[PROBLEM TO SOLVE] Hand back the entries exactly as written, minus every picture.

--- PROVIDED RECORDS Enclosed Below ---

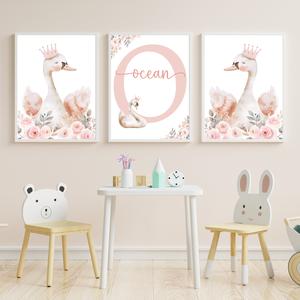 Personalised Swan Nursery Print Set, Pay What You Can Afford, Poster Decor Gift Floral
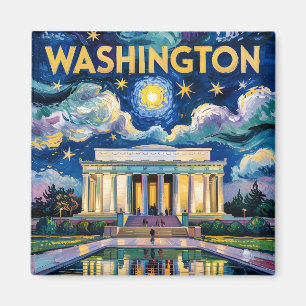 Van Gogh Washington DC Lincoln Memorial Travel Magnet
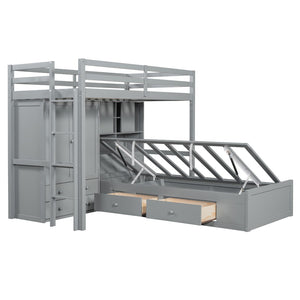 HomeRoots Gray Twin Over Twin Wood Bunk Bed with Storage Drawers & Safety Features for Kids’ Rooms 596537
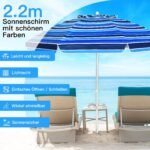 Nešiojamas paplūdimio skėtis 2 2 m UPF50+ su puodelių laikikliu (Tamsiai mėlyna)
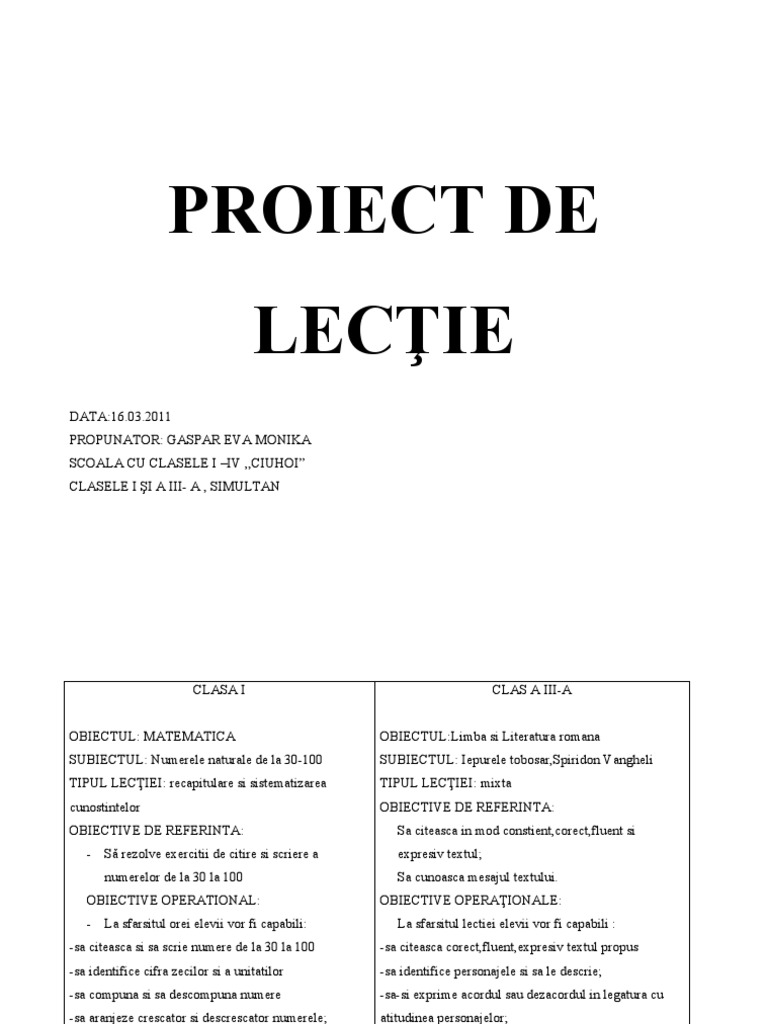 Proiect Didactic Clase Simultane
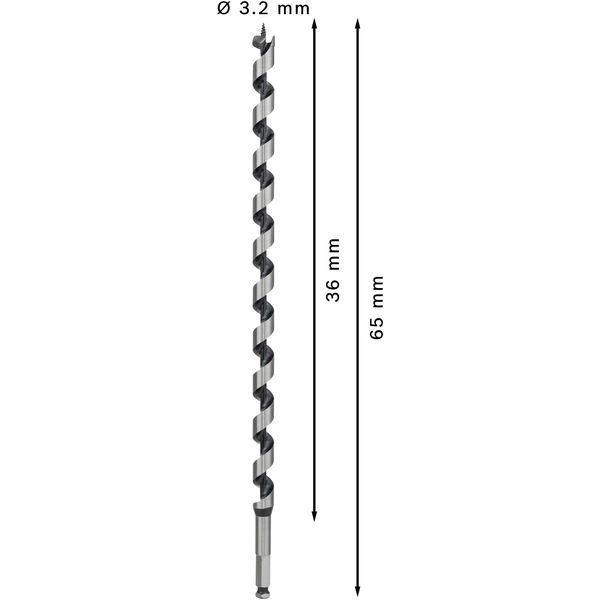 Wood auger bit, hexagon 18 x 385 x 450 mm, d 11,1 mm image 2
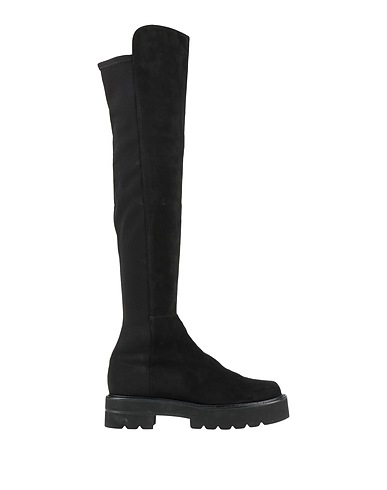 STUART WEITZMAN Boots Black Leather, Textile fibers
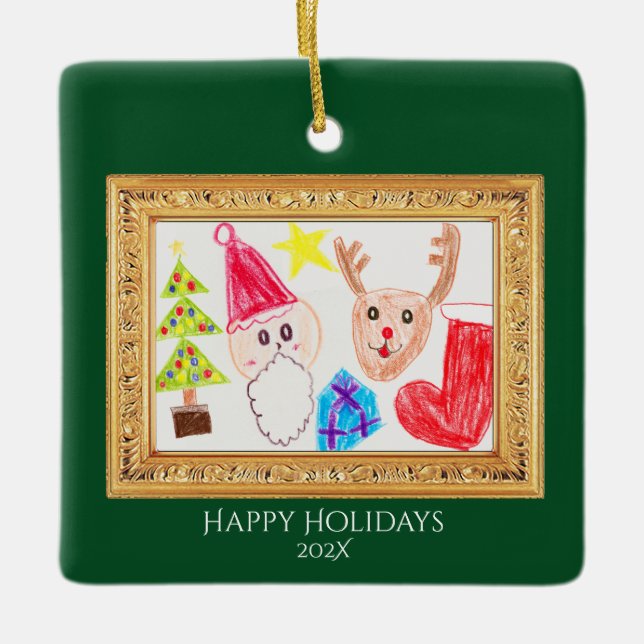 Personalized Kids Art & Photo Christmas Ornament (Front)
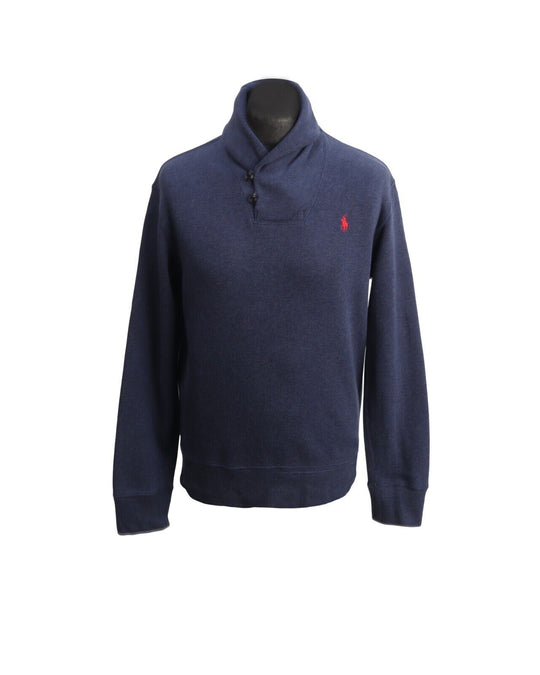 POLO RALPH LAUREN Jumper Blue Cotton Shawl Neck Men's Size M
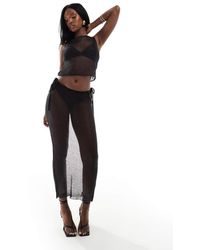 ASOS - Falda Semilarga Negra De Punto Metalizado De (Parte De Un Conjunto) - Lyst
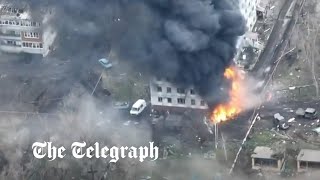 Ukraine war explosion destroys Russian weapons store in Bakhmut [upl. by Yleak]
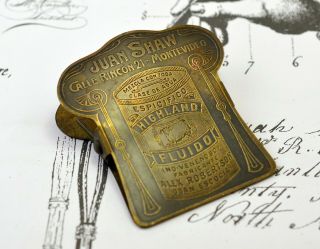 Antique Brass Paper Clip With Advertising,  Germany (r.  X4410)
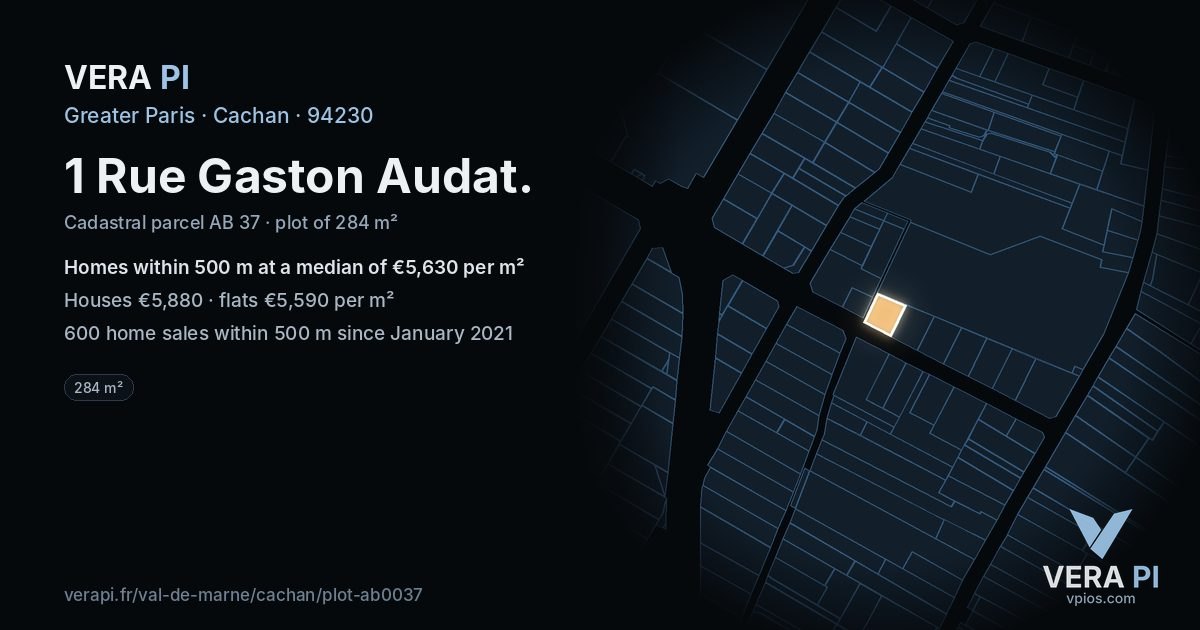 1 Rue Gaston Audat, Cachan at night – the plot lit, the parcels around coloured by the prices near them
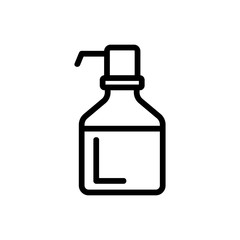 bottle with pressure pump icon vector. bottle with pressure pump sign. isolated contour symbol illustration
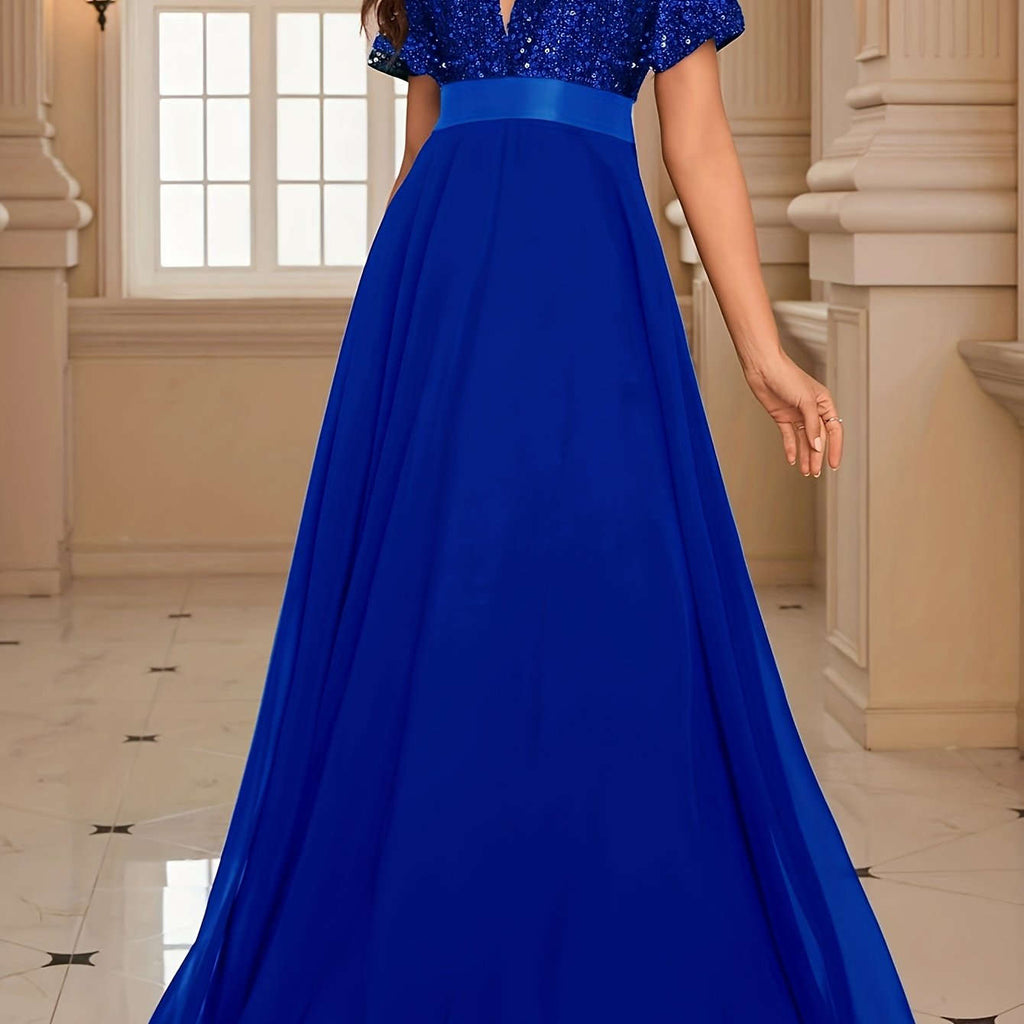 Elegant High-Waisted Evening Gown - Deep V-Neck & Sequin Design   OAXG 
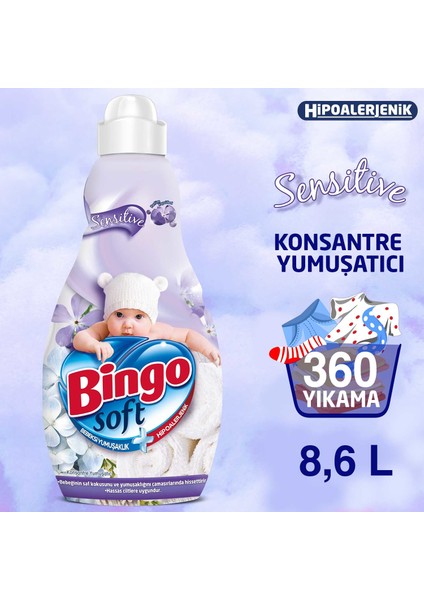 Soft Konsantre Çamaşır Yumuşatıcısı Sensitive 1440 ml Ekonomi Paketi 6'lı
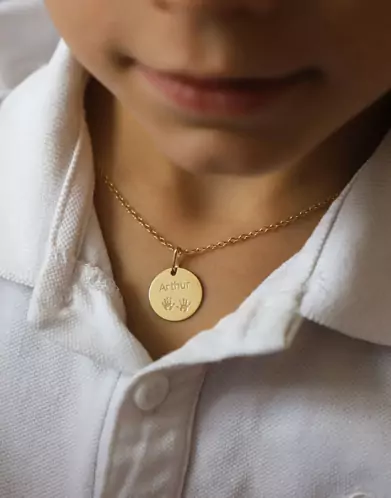 Médaille Ronde Or Empreintes Mains Personnalisable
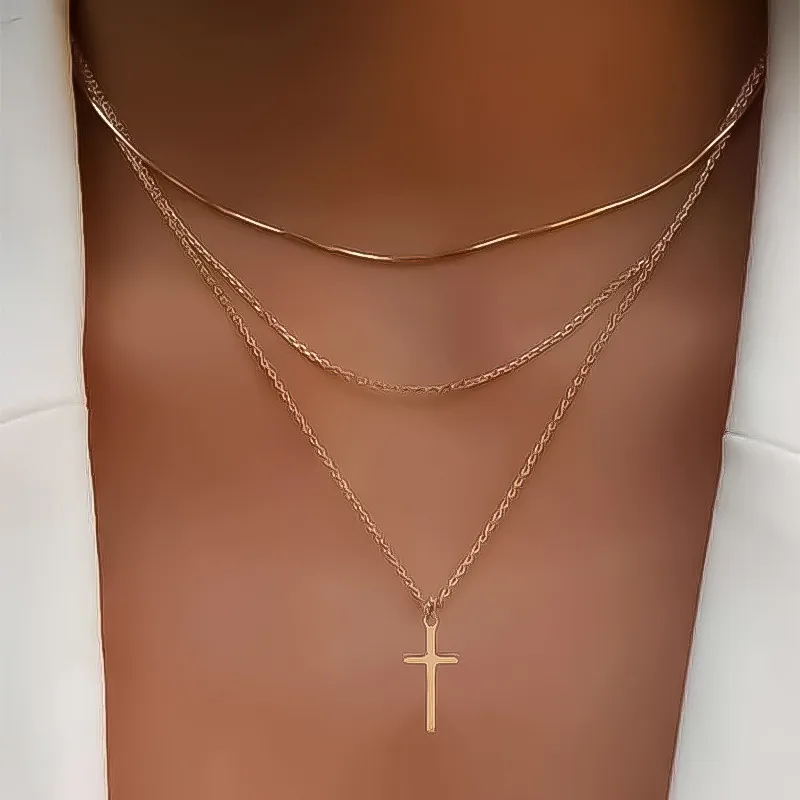 Elegant Triple-Layer Cross Pendant Necklace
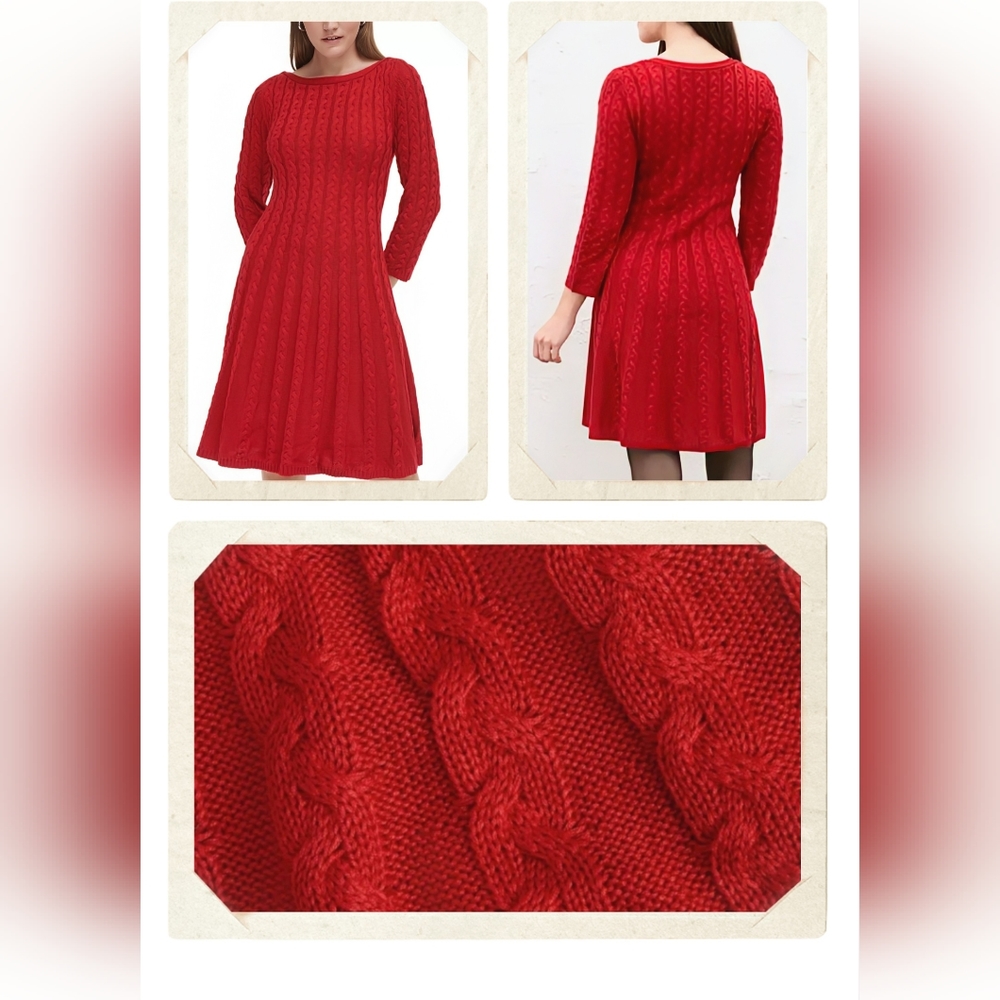 Nine West, Red, Cable-Knit, Fit & Flare, Sweater Dress, Size Large, NWOT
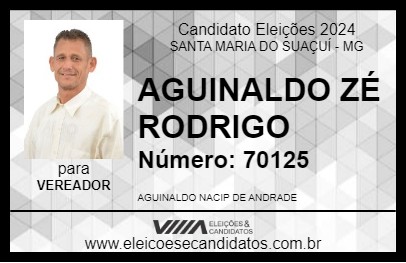 Candidato AGUINALDO ZÉ RODRIGO 2024 - SANTA MARIA DO SUAÇUÍ - Eleições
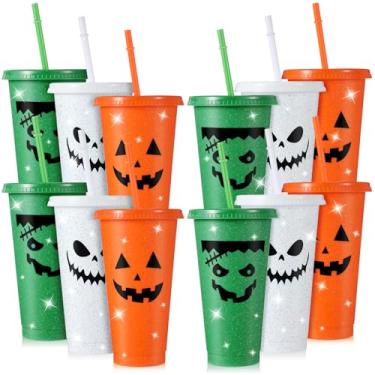 Imagem de Skylety Pacote com 12 copos de plástico de Halloween com tampas e canudos, copos de rosto de abóbora de 680 g, copos coloridos reutilizáveis para lembrancinhas de festa de Halloween, suprimentos,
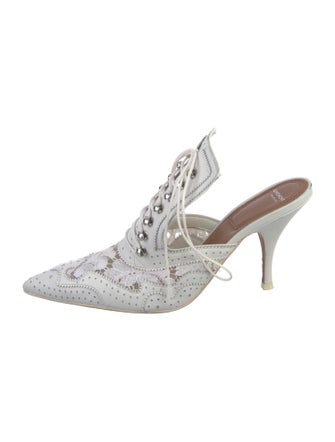 Givenchy Leather Lasercut Accents Mules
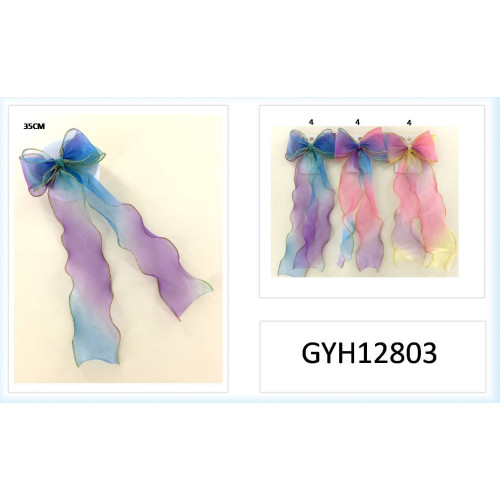 Rainbow Iridescent Wired Ribbon Double Bow Hairbows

--- End of Enclosed PROVIDED RECORDS ---

[RESPONSE BOX]
 Personalised Swan Nursery Print Set, Pay What You Can Afford, Poster Decor Gift Floral
 Van Gogh Washington DC Lincoln Memorial Travel Magnet
 HomeRoots Gray Twin Over Twin Wood Bunk Bed with Storage Drawers & Safety Features for Kids’ Rooms 596537
 Nešiojamas paplūdimio skėtis 2 2 m UPF50+ su puodelių laikikliu (Tamsiai mėlyna)
 Proiect Didactic Clase Simultane
 Wood auger bit, hexagon 18 x 385 x 450 mm, d 11,1 mm image 2
 STUART WEITZMAN Boots Black Leather, Textile fibers
 Personalized Kids Art & Photo Christmas Ornament (Front)
 POLO RALPH LAUREN Jumper Blue Cotton Shawl Neck Men's Size M
 ASOS - Falda Semilarga Negra De Punto Metalizado De (Parte De Un Conjunto) - Lyst
 Ukraine war explosion destroys Russian weapons store in Bakhmut [upl. by Yleak]
 Antique Brass Paper Clip With Advertising,  Germany (r.  X4410)
 1 Rue Gaston Audat, Cachan at night – the plot lit, the parcels around coloured by the prices near them
 bottle with pressure pump icon vector. bottle with pressure pump sign. isolated contour symbol illustration
 Elegant High-Waisted Evening Gown - Deep V-Neck & Sequin Design   OAXG 
 Soft Konsantre Çamaşır Yumuşatıcısı Sensitive 1440 ml Ekonomi Paketi 6'lı
 Médaille Ronde Or Empreintes Mains Personnalisable
 Elegant Triple-Layer Cross Pendant Necklace
 Nine West, Red, Cable-Knit, Fit & Flare, Sweater Dress, Size Large, NWOT
 Candidato AGUINALDO ZÉ RODRIGO 2024 - SANTA MARIA DO SUAÇUÍ - Eleições
 Imagem de Skylety Pacote com 12 copos de plástico de Halloween com tampas e canudos, copos de rosto de abóbora de 680 g, copos coloridos reutilizáveis para lembrancinhas de festa de Halloween, suprimentos,
 Givenchy Leather Lasercut Accents Mules
 Rainbow Iridescent Wired Ribbon Double Bow Hairbows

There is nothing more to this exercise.